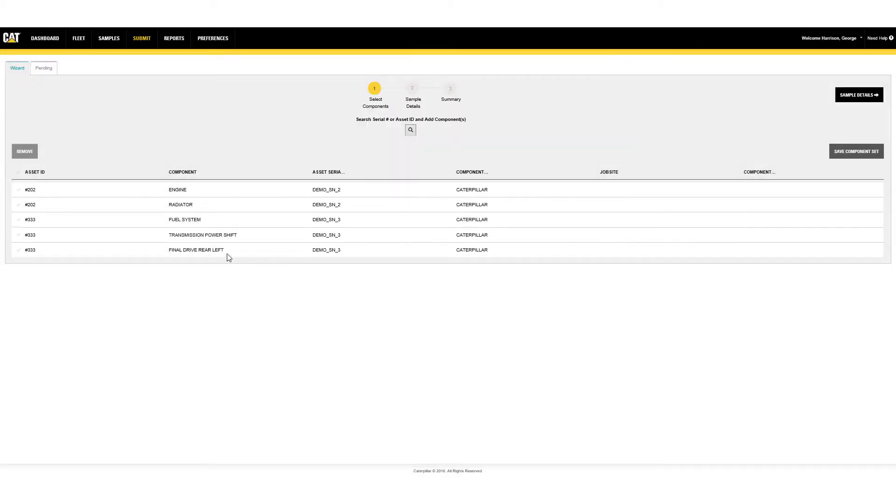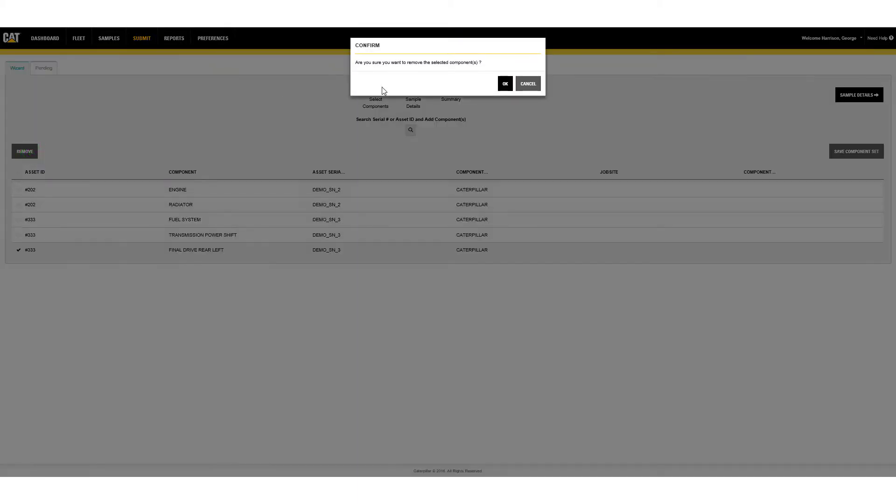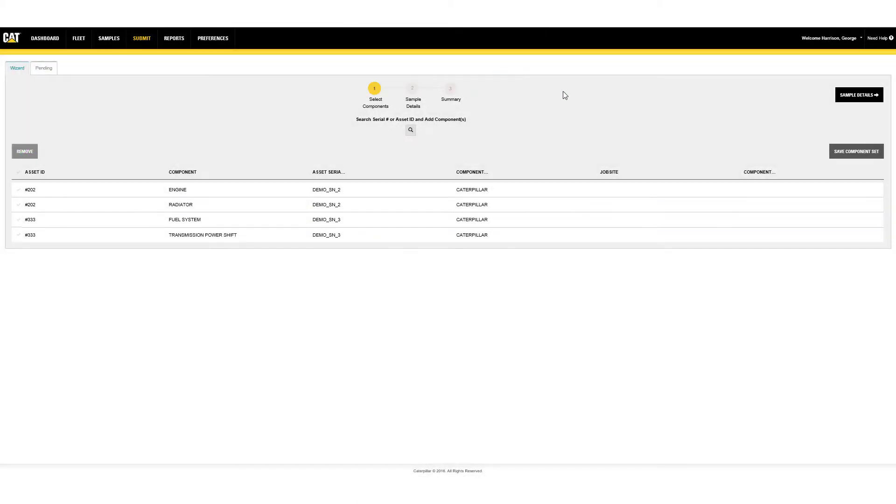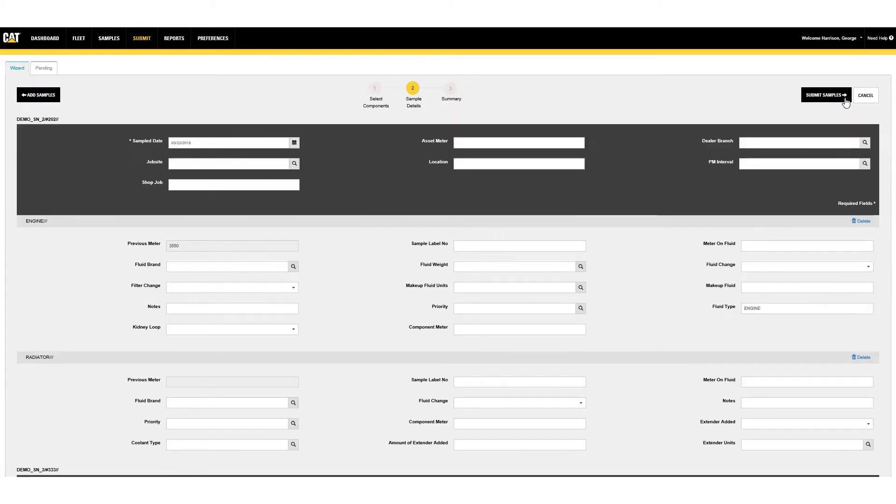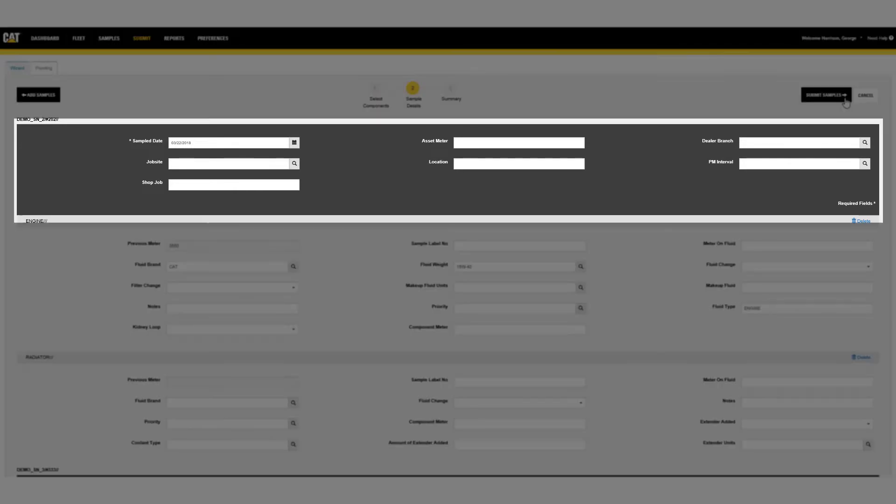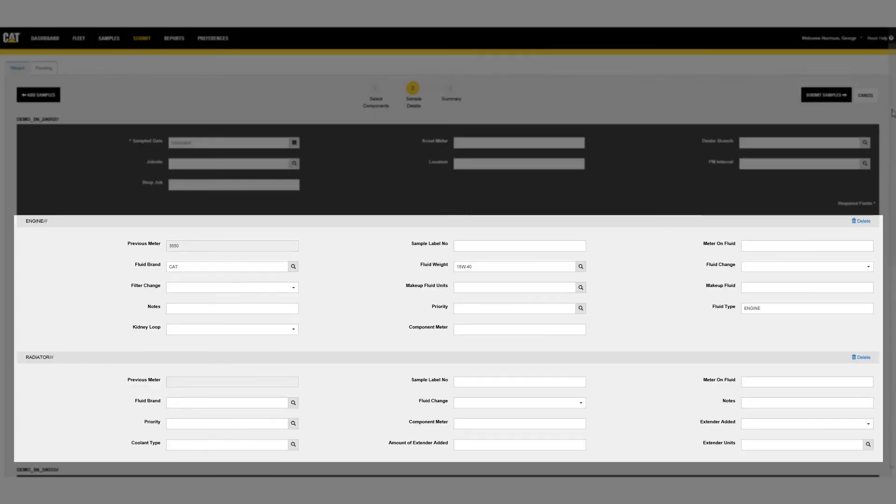Remove incorrectly added line items by simply selecting the component and clicking Remove. Once the desired list is created, click on Sample Details to move to Step 2 where asset and component information is entered. The dark gray areas are for the asset, the light gray areas are for the individual components.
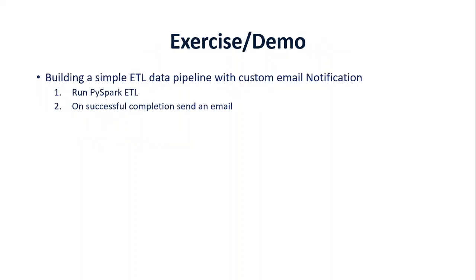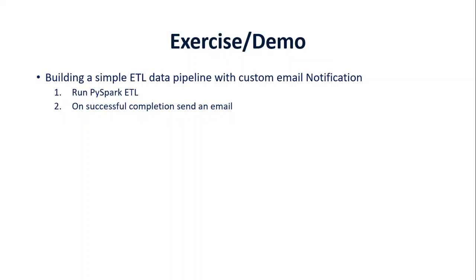In this video, we're going to use the Logic App service to show you how to send a customized email. There are a few benefits: it's easy to customize, low cost, and relatively more user-friendly than Azure Monitor. Here's a list of things which we will do in this demo. First, we will run a very simple PySpark ETL. We will read the data from Cosmos DB and perform an aggregation on it and load it to a Spark table. After this notebook is done, we'll send an email on successful completion of Spark ETL. So let's jump into the demo now.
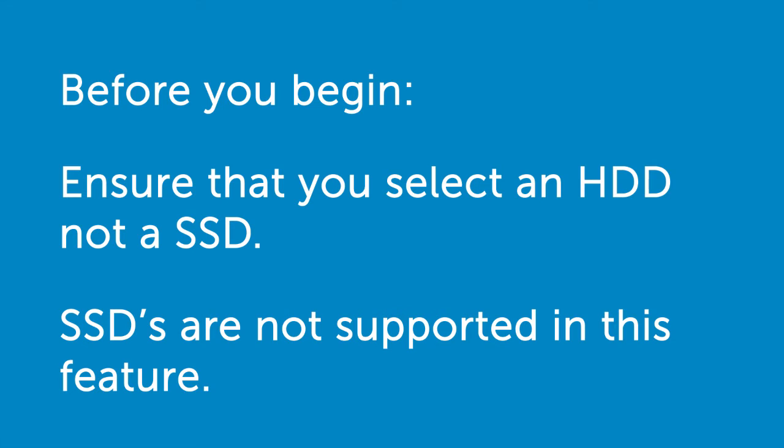Also, before you proceed, ensure that you select a hard disk drive and not a solid state drive, as solid state drives are not supported in this feature.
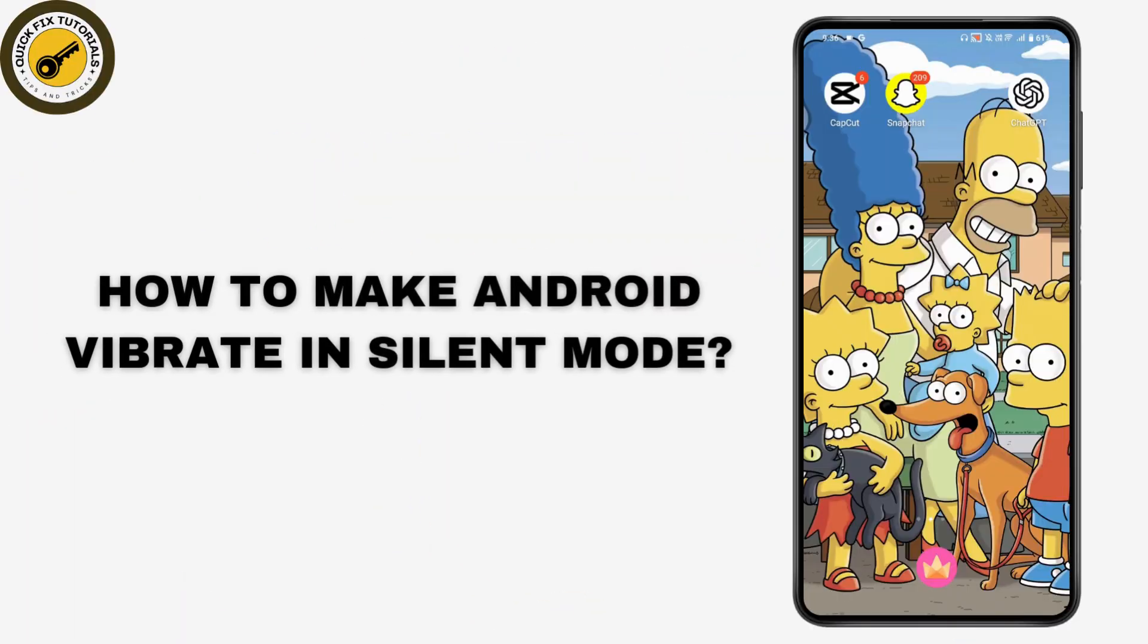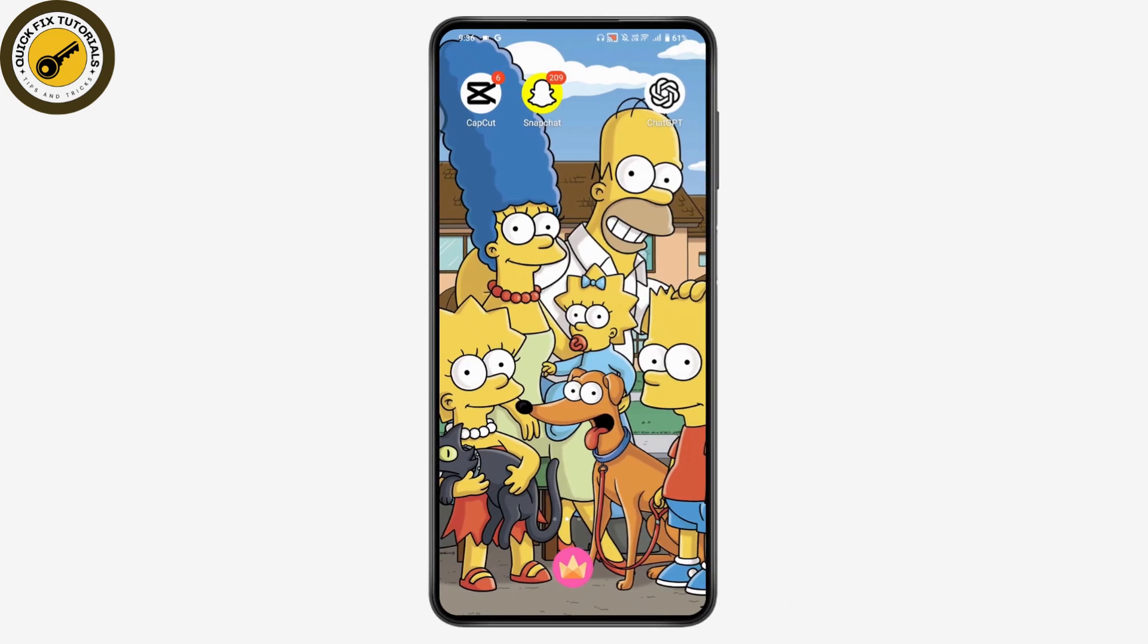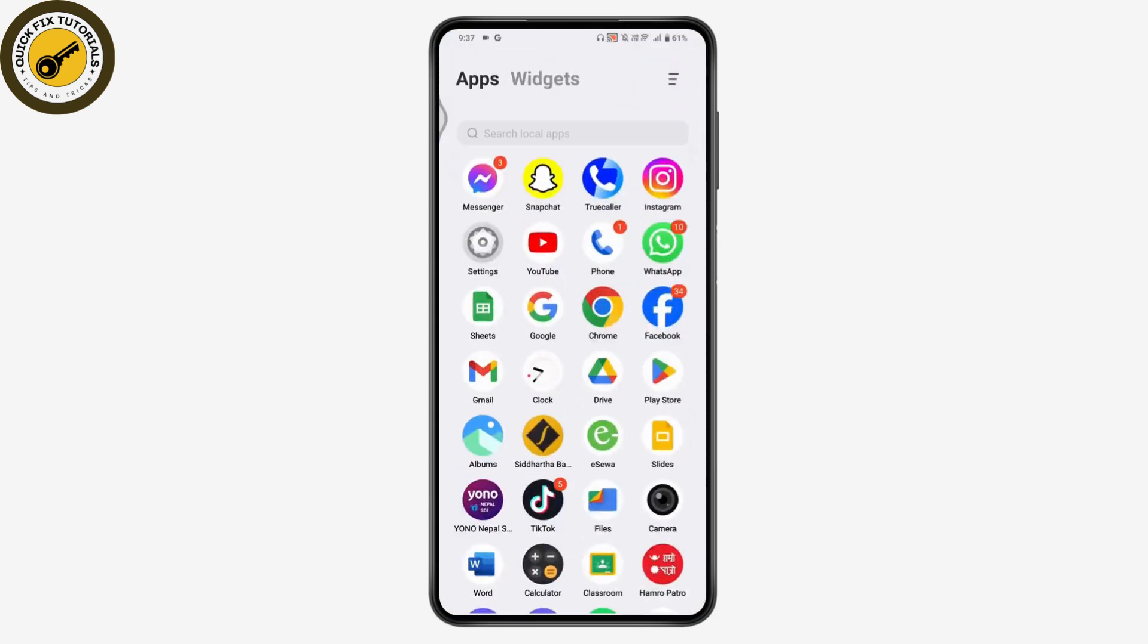How to make Android vibrate in silent mode. If you want to make Android vibrate in silent mode, what you need to do is first open up your settings.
· · · · ·
*Aim of the exercise*: Wording must stay exact. Give again the lines from the line with "In this video, we're" through the last line of the listing, both ends included, without pictures.

*Result for this task*:
In this video, we're going to use the Logic App service to show you how to send a customized email. There are a few benefits: it's easy to customize, low cost, and relatively more user-friendly than Azure Monitor. Here's a list of things which we will do in this demo. First, we will run a very simple PySpark ETL. We will read the data from Cosmos DB and perform an aggregation on it and load it to a Spark table. After this notebook is done, we'll send an email on successful completion of Spark ETL. So let's jump into the demo now.
Also, before you proceed, ensure that you select a hard disk drive and not a solid state drive, as solid state drives are not supported in this feature.
How to make Android vibrate in silent mode. If you want to make Android vibrate in silent mode, what you need to do is first open up your settings.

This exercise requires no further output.